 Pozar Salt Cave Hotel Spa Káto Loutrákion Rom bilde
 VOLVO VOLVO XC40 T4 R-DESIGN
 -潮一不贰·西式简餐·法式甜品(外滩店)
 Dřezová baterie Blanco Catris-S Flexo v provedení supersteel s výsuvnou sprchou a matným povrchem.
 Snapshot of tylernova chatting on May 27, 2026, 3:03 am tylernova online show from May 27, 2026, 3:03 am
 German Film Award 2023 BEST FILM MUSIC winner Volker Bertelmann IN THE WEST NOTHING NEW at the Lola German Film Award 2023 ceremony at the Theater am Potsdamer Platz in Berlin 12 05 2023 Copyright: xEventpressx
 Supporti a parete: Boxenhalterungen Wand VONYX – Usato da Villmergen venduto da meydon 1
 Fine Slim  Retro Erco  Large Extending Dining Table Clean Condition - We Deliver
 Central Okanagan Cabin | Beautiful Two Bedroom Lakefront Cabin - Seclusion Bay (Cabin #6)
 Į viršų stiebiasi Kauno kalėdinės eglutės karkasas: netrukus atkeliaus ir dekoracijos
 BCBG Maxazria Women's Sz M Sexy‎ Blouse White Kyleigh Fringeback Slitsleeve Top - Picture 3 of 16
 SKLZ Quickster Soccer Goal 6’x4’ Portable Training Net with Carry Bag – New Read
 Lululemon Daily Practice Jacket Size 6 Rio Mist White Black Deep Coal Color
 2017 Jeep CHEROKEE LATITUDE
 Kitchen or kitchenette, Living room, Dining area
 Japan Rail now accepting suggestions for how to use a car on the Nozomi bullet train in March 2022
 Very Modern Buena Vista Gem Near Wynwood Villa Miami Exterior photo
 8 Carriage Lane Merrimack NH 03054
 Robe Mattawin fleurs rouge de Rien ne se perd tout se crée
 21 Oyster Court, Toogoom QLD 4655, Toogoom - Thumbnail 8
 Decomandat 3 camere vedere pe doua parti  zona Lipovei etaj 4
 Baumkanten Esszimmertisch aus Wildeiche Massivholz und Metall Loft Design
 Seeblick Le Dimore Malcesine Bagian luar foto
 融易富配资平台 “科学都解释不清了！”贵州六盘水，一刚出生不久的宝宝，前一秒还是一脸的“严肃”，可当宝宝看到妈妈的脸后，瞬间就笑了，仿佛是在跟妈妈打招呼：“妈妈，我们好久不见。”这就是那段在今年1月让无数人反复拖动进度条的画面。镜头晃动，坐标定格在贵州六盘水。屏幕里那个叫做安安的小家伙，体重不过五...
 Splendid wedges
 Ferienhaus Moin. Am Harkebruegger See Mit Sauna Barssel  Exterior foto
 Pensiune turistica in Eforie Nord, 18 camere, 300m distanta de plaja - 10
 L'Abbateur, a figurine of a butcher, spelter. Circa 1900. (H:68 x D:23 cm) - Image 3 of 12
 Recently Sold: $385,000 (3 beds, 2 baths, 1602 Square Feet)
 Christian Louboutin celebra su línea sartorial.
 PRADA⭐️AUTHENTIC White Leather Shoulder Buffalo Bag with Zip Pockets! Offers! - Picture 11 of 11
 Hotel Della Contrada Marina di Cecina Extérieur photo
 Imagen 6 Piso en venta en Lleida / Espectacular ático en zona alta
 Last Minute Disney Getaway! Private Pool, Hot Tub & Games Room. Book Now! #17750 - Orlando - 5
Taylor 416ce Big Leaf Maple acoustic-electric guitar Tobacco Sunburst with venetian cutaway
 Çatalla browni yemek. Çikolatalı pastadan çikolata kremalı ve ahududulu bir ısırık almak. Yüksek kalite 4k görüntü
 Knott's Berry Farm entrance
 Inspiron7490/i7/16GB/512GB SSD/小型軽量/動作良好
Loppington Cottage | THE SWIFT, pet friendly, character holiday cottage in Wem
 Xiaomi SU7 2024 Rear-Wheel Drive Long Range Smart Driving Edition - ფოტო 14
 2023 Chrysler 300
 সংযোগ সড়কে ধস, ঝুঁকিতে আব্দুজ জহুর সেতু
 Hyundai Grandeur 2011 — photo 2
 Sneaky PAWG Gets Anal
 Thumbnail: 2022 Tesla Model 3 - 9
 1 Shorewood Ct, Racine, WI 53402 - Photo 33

..........

Work task
Where a line of the data holds "Exterior", show that line.

Answer section
 Very Modern Buena Vista Gem Near Wynwood Villa Miami Exterior photo
 Ferienhaus Moin. Am Harkebruegger See Mit Sauna Barssel  Exterior foto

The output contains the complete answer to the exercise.